In [1]:
import requests
import os
import time

# Step 1: Get up to thousands of contributions by a user (with pagination)
def get_user_contributions(username, max_articles=2000):
    print(f"[+] Getting contributions for: {username}")
    url = "https://en.wikipedia.org/w/api.php"
    contributions = []
    uc_continue = None

    while len(contributions) < max_articles:
        params = {
            "action": "query",
            "list": "usercontribs",
            "ucuser": username,
            "uclimit": 500,
            "format": "json"
        }
        if uc_continue:
            params["uccontinue"] = uc_continue

        try:
            response = requests.get(url, params=params, timeout=10)
            response.raise_for_status()
            data = response.json()
            contribs = data.get("query", {}).get("usercontribs", [])
            contributions.extend(contribs)
            uc_continue = data.get("continue", {}).get("uccontinue")

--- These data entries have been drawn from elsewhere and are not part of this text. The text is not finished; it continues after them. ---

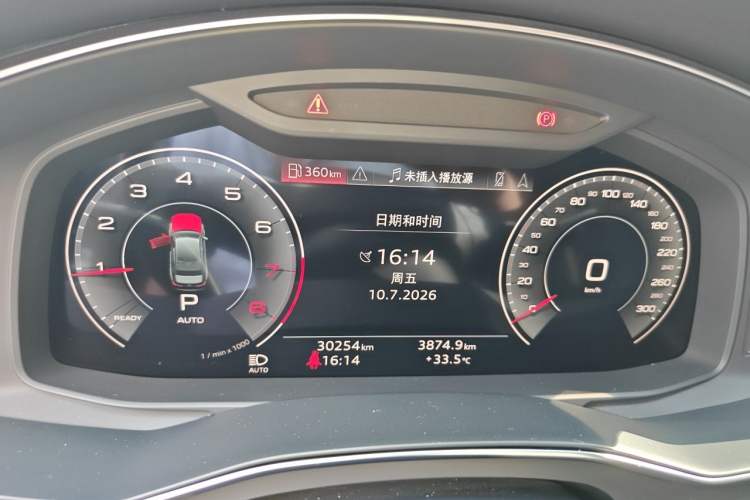 Used Audi A6L 2024 45 TFSI quattro Prestige Dynamic Edition Instrument Cluster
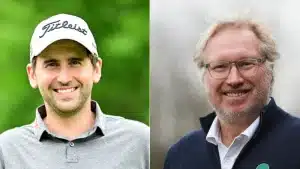 Portrait von Nicolai von Dellingshausen (links) und Dawie Stander (rechts)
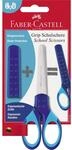 Faber-Castell 181549 Schulschere Grip blau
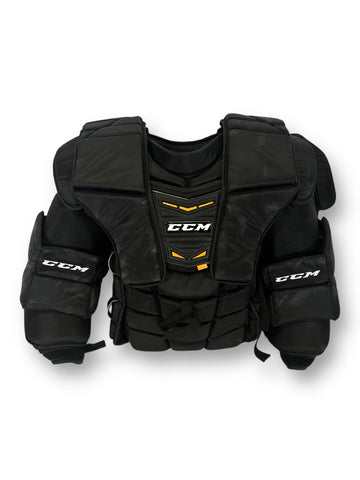Cam Talbot Game-Used CCM Chest and Arm Protector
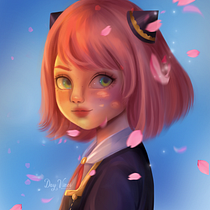 Mi proyecto del curso: Retratos digitales: dibuja personajes femeninos con luz natural Ein Projekt aus dem Bereich Design von Figuren und Digitale Illustration von daimymijares9 - 04.06.2022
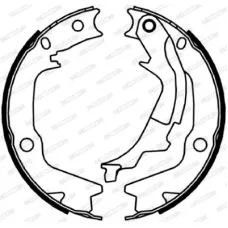 Гальмівні колодки FERODO FSB4045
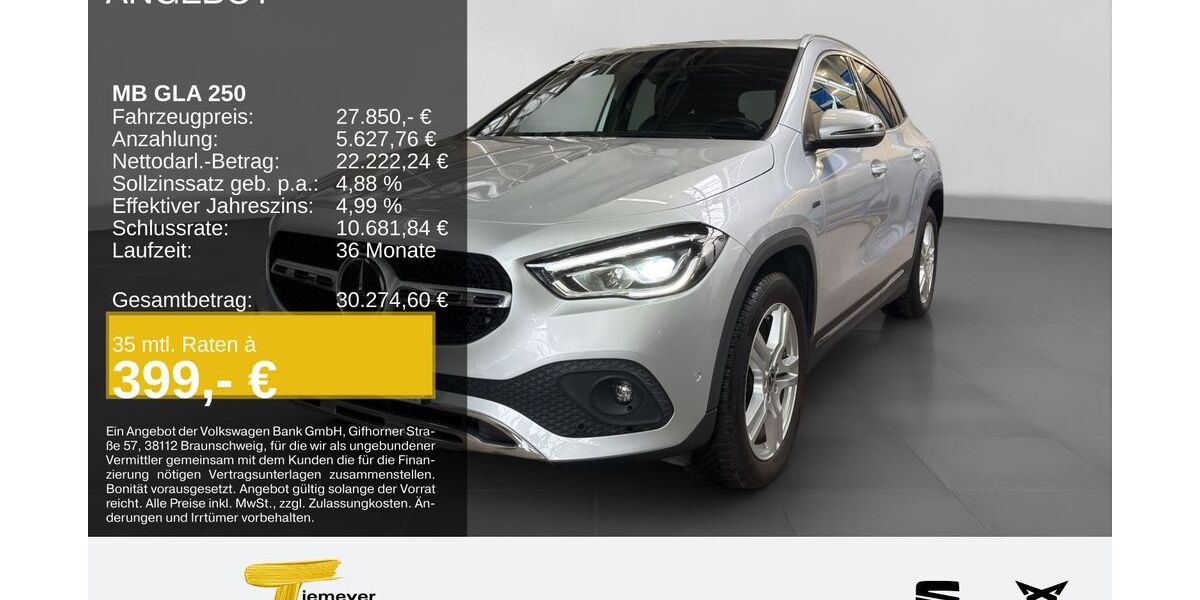 Mercedes-Benz GLA 250 87.764 km 26.960 &euro; Hemer 58675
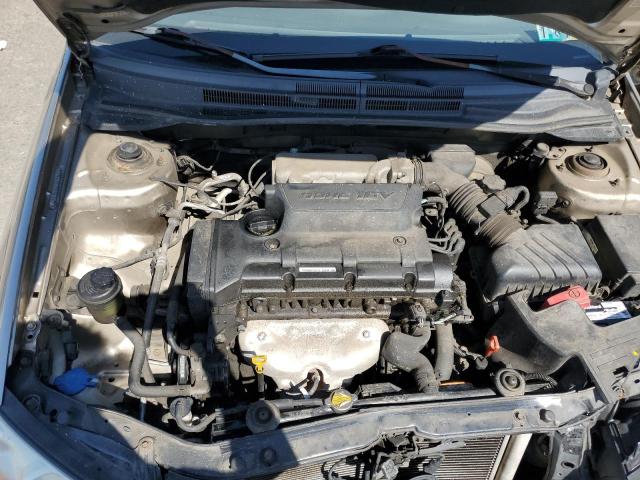 2007 Kia Spectra Ex VIN: KNAFE121775394873 Lot: 52109884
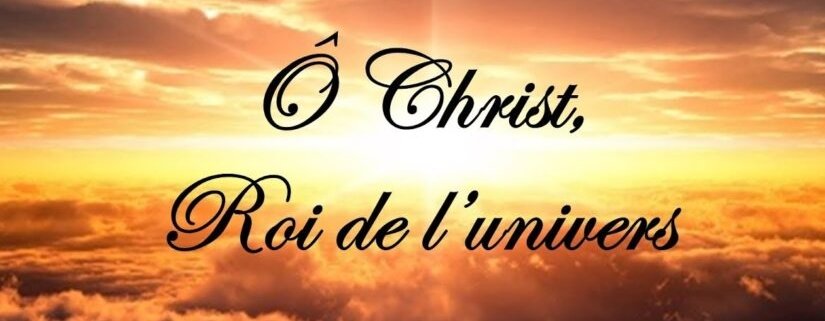 Christ Roi de l’univers – année B (Père Rigobert KYUNGU, SJ) - Paroisse ...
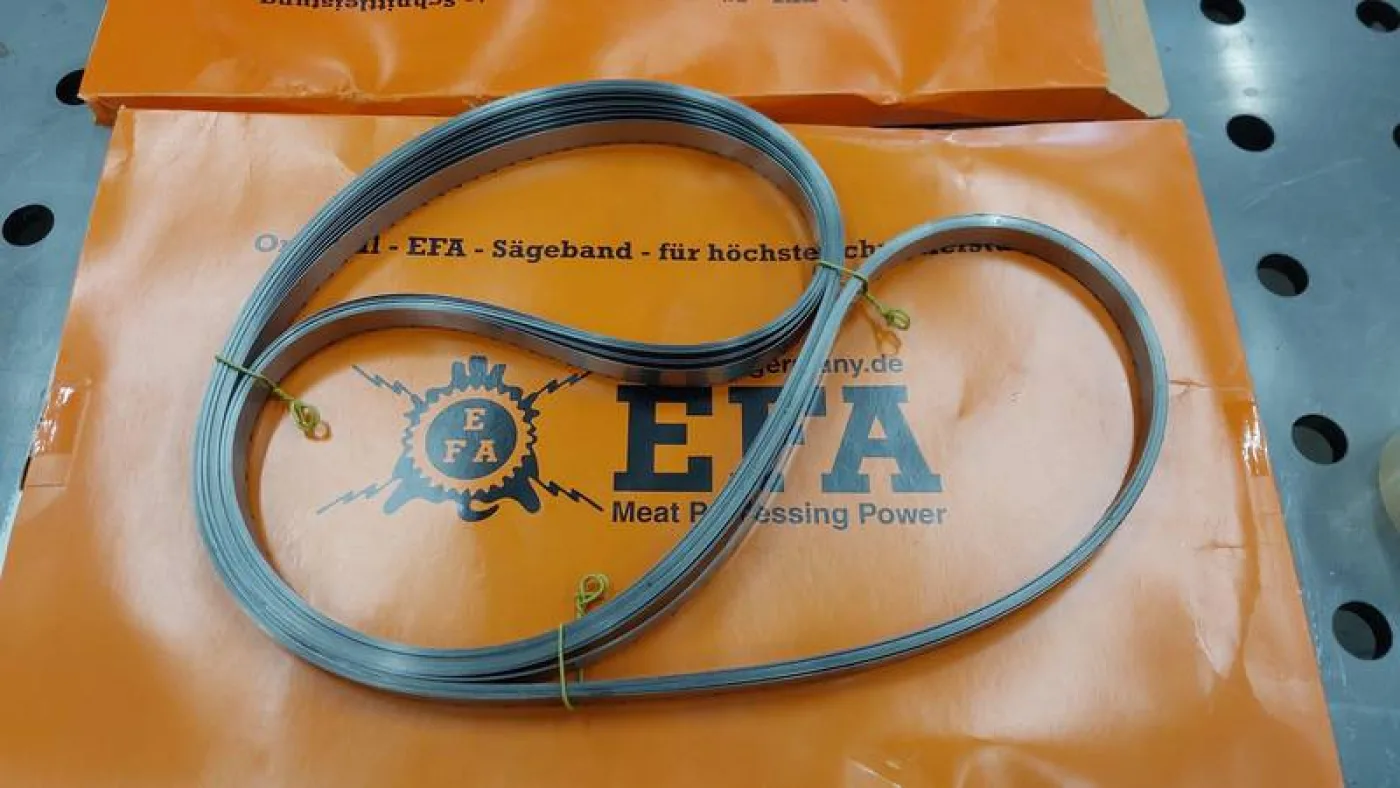 EFA band saw blades split saw - 2904 x 19 - 1
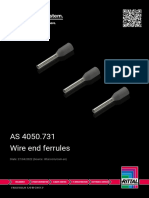 AS 4050.731 Wire End Ferrules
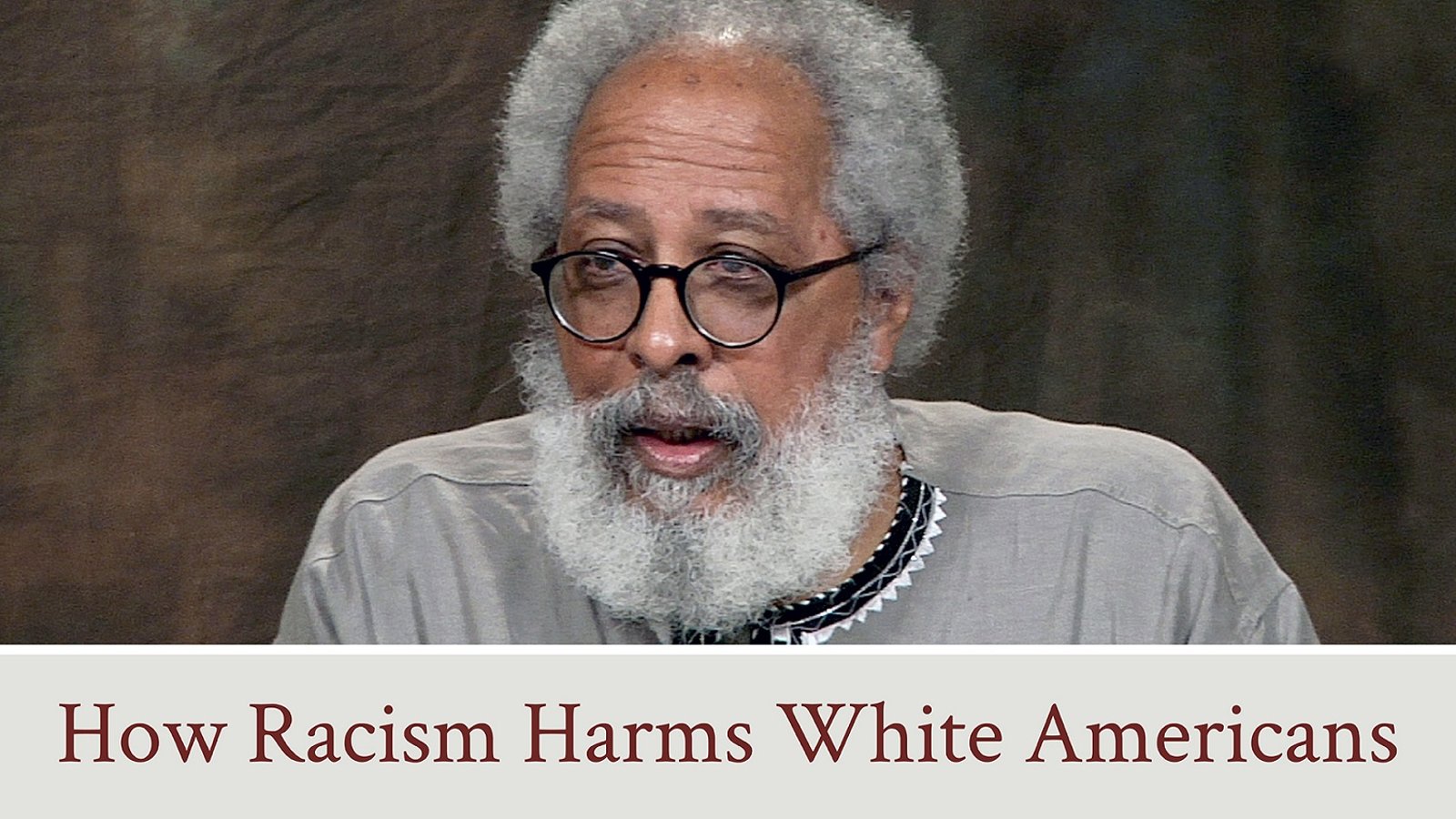 How Racism Harms White Americans - A lecture by John H. Bracey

            if not uc_continue:
                break
        except Exception as e:
            print(f"[!] Error fetching contributions for {username}: {e}")
            break

    return contributions[:max_articles]

# Step 2: Filter political articles with improved keywords
def filter_political_articles(contributions):
    keywords = [
        "politic", "election", "government", "president", "minister",
        "diplomacy", "parliament", "policy", "senate", "democracy", "congress",
        "revolution", "campaign", "voting", "legislation", "foreign relations"
    ]
    titles = set()
    for contrib in contributions:
        title = contrib.get("title", "").lower()
        if any(k in title for k in keywords):
            titles.add(contrib["title"])
    return list(titles)

# Step 3: Get article content
def get_article_content(title):
    url = "https://en.wikipedia.org/w/api.php"
    params = {
        "action": "query",
        "prop": "extracts",
        "explaintext": True,
        "titles": title,
        "format": "json"
    }
    try:
        response = requests.get(url, params=params, timeout=10)
        response.raise_for_status()
        data = response.json()
        pages = data.get("query", {}).get("pages", {})
        page = next(iter(pages.values()))
        return page.get("extract", "")
    except Exception as e:
        print(f"[!] Failed to fetch article: {title} – {e}")
        return ""

# Step 4: Save text files
def save_article(title, content, folder):
    if not content.strip() or len(content) < 300:
        return
    os.makedirs(folder, exist_ok=True)
    safe_title = title.replace("/", "_").replace("\\", "_")
    filepath = os.path.join(folder, f"{safe_title}.txt")
    with open(filepath, "w", encoding="utf-8") as f:
        f.write(content)
    print(f"  → Saved: {title}")

# Step 5: Process one user
def process_user(username, save_folder, max_articles=500):
    contributions = get_user_contributions(username, max_articles)
    political_titles = filter_political_articles(contributions)

    print(f"  → {len(political_titles)} political articles found.")
    user_folder = os.path.join(save_folder, username.replace(" ", "_"))

    saved_titles = set(os.listdir(user_folder)) if os.path.exists(user_folder) else set()
    saved_titles = {f.replace(".txt", "") for f in saved_titles}

    for title in political_titles:
        if title.replace("/", "_") in saved_titles:
            continue
        content = get_article_content(title)
        save_article(title, content, user_folder)
        time.sleep(1)

# Step 6: Run for many users
usernames = [
    "Brianmc", "Koavf", "Ser Amantio di Nicolao", "Fuzheado", "SimonP",
    "TParis", "MBisanz", "Piotrus", "Future Perfect at Sunrise", "Drmies",
    "Ritchie333", "Sphilbrick", "Magicpiano", "User:Russavia", "Cirt"
]

for user in usernames:
    print(f"\n--- Processing {user} ---")
    process_user(user, save_folder="wiki_politics_dataset", max_articles=1500)



--- Processing Brianmc ---
[+] Getting contributions for: Brianmc
  → 0 political articles found.

--- Processing Koavf ---
[+] Getting contributions for: Koavf
  → 6 political articles found.
  → Saved: John McGuire (Virginia politician)
  → Saved: Talk:Flag of the president of the United States

--- Processing Ser Amantio di Nicolao ---
[+] Getting contributions for: Ser Amantio di Nicolao
  → 8 political articles found.
  → Saved: Max Miller (politician)
  → Saved: Aisha Mohammed (Ethiopian politician)
  → Saved: Ernst Fraenkel (political scientist)

--- Processing Fuzheado ---
[+] Getting contributions for: Fuzheado
  → 9 political articles found.
  → Saved: 1936 United States presidential election in Connecticut
  → Saved: List of forms of government
  → Saved: 1986 California gubernatorial election
  → Saved: Green Revolution
  → Saved: 2017 German federal election
  → Saved: World Governments Summit
  → Saved: 2021 German federal election
  → Saved: Political party
  → Saved: P